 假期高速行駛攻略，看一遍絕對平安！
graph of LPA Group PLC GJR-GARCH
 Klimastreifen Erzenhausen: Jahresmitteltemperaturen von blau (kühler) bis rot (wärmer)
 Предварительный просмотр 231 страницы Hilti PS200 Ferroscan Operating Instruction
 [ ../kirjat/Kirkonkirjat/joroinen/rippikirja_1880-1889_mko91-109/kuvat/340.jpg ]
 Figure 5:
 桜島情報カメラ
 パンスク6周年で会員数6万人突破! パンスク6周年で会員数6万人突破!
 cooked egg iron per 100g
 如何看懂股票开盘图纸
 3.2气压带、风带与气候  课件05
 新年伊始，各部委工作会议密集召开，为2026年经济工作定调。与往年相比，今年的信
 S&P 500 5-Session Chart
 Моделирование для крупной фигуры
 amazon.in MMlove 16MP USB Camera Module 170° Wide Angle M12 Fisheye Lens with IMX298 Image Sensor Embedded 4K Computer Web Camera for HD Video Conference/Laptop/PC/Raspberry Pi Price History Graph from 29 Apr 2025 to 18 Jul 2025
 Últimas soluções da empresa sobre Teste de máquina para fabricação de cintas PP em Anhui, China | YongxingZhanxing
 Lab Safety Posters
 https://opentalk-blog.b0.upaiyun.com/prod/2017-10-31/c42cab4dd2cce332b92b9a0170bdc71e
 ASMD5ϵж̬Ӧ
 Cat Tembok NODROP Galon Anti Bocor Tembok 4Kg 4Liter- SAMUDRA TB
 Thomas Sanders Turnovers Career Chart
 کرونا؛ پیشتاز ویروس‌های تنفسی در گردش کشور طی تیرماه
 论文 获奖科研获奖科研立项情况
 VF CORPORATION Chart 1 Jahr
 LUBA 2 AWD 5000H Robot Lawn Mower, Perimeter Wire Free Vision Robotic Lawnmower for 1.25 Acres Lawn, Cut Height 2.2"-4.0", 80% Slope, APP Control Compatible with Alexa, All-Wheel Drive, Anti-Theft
------------------------------------
All the data above is to be given again, exactly.

• [Solution]
 假期高速行駛攻略，看一遍絕對平安！
graph of LPA Group PLC GJR-GARCH
 Klimastreifen Erzenhausen: Jahresmitteltemperaturen von blau (kühler) bis rot (wärmer)
 Предварительный просмотр 231 страницы Hilti PS200 Ferroscan Operating Instruction
 [ ../kirjat/Kirkonkirjat/joroinen/rippikirja_1880-1889_mko91-109/kuvat/340.jpg ]
 Figure 5:
 桜島情報カメラ
 パンスク6周年で会員数6万人突破! パンスク6周年で会員数6万人突破!
 cooked egg iron per 100g
 如何看懂股票开盘图纸
 3.2气压带、风带与气候  课件05
 新年伊始，各部委工作会议密集召开，为2026年经济工作定调。与往年相比，今年的信
 S&P 500 5-Session Chart
 Моделирование для крупной фигуры
 amazon.in MMlove 16MP USB Camera Module 170° Wide Angle M12 Fisheye Lens with IMX298 Image Sensor Embedded 4K Computer Web Camera for HD Video Conference/Laptop/PC/Raspberry Pi Price History Graph from 29 Apr 2025 to 18 Jul 2025
 Últimas soluções da empresa sobre Teste de máquina para fabricação de cintas PP em Anhui, China | YongxingZhanxing
 Lab Safety Posters
 https://opentalk-blog.b0.upaiyun.com/prod/2017-10-31/c42cab4dd2cce332b92b9a0170bdc71e
 ASMD5ϵж̬Ӧ
 Cat Tembok NODROP Galon Anti Bocor Tembok 4Kg 4Liter- SAMUDRA TB
 Thomas Sanders Turnovers Career Chart
 کرونا؛ پیشتاز ویروس‌های تنفسی در گردش کشور طی تیرماه
 论文 获奖科研获奖科研立项情况
 VF CORPORATION Chart 1 Jahr
 LUBA 2 AWD 5000H Robot Lawn Mower, Perimeter Wire Free Vision Robotic Lawnmower for 1.25 Acres Lawn, Cut Height 2.2"-4.0", 80% Slope, APP Control Compatible with Alexa, All-Wheel Drive, Anti-Theft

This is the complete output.